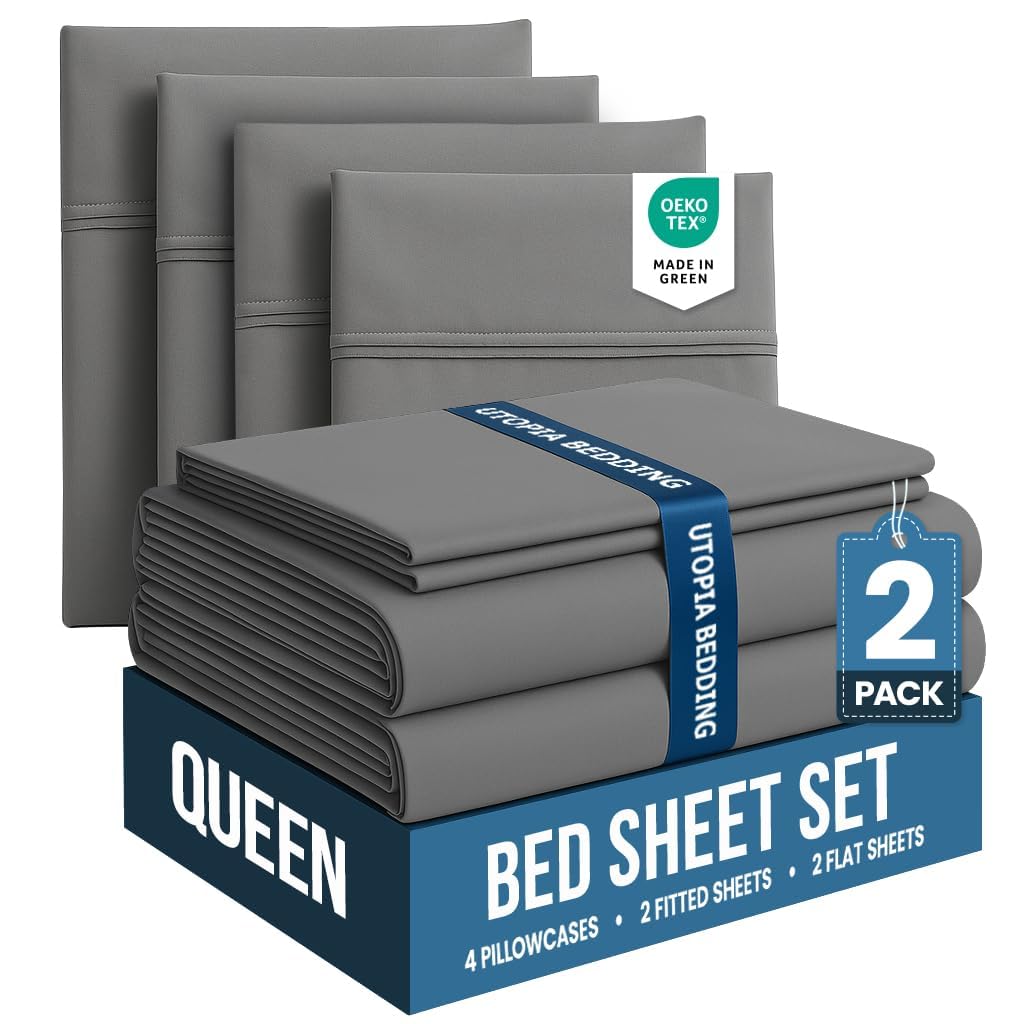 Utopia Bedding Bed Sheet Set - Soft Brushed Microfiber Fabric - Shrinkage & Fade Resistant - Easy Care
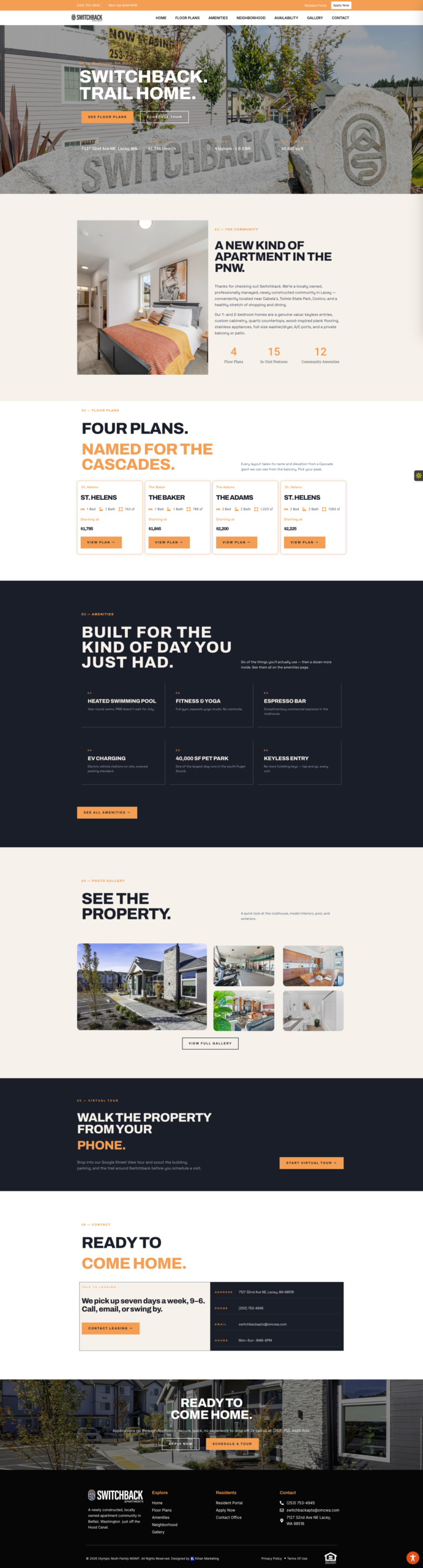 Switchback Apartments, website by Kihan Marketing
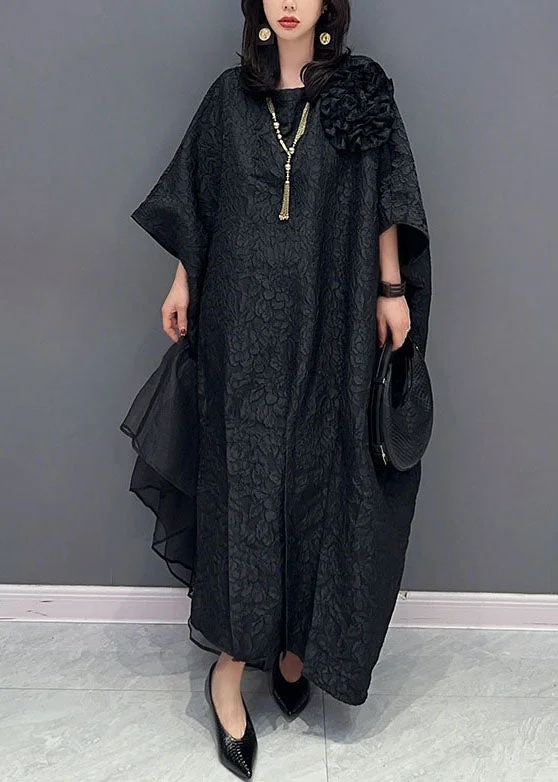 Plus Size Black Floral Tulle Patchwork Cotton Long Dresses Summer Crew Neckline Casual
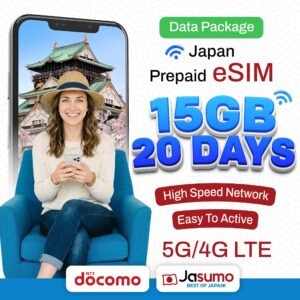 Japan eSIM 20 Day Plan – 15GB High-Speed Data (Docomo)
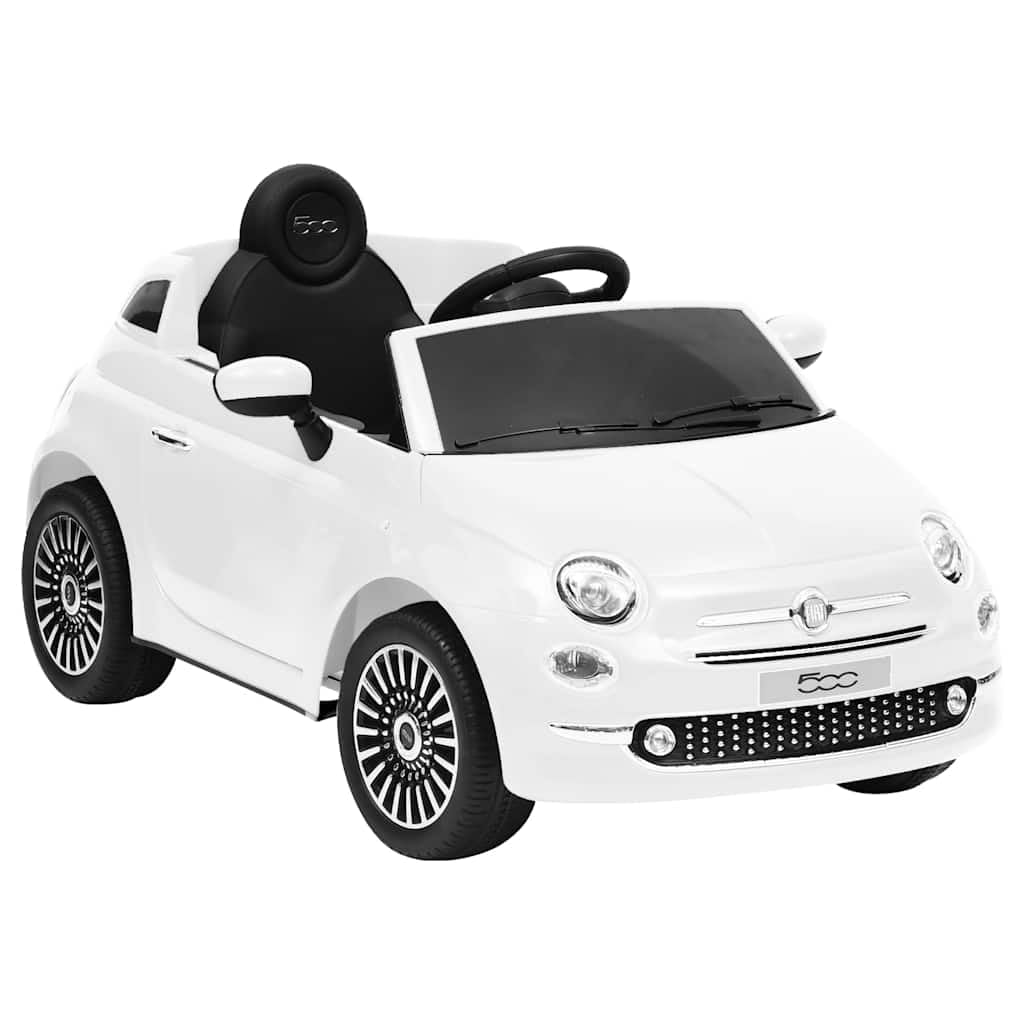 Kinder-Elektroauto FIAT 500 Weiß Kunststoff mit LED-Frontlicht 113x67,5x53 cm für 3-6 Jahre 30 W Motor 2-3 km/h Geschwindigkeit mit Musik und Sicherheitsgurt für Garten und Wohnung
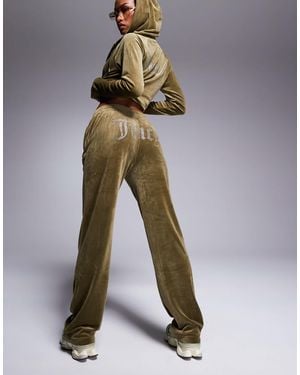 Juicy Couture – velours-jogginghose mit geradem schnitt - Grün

▶ _WHAT THE TASK ASKS_:
Transcribe all the material exactly; skip every image.

▶ _WRITTEN SOLUTION_:
 Utopia Bedding Bed Sheet Set - Soft Brushed Microfiber Fabric - Shrinkage & Fade Resistant - Easy Care
 Switchback Apartments, website by Kihan Marketing
 Plus Size Black Floral Tulle Patchwork Cotton Long Dresses Summer Crew Neckline Casual
 Japan eSIM 20 Day Plan – 15GB High-Speed Data (Docomo)
 Kinder-Elektroauto FIAT 500 Weiß Kunststoff mit LED-Frontlicht 113x67,5x53 cm für 3-6 Jahre 30 W Motor 2-3 km/h Geschwindigkeit mit Musik und Sicherheitsgurt für Garten und Wohnung
 Juicy Couture – velours-jogginghose mit geradem schnitt - Grün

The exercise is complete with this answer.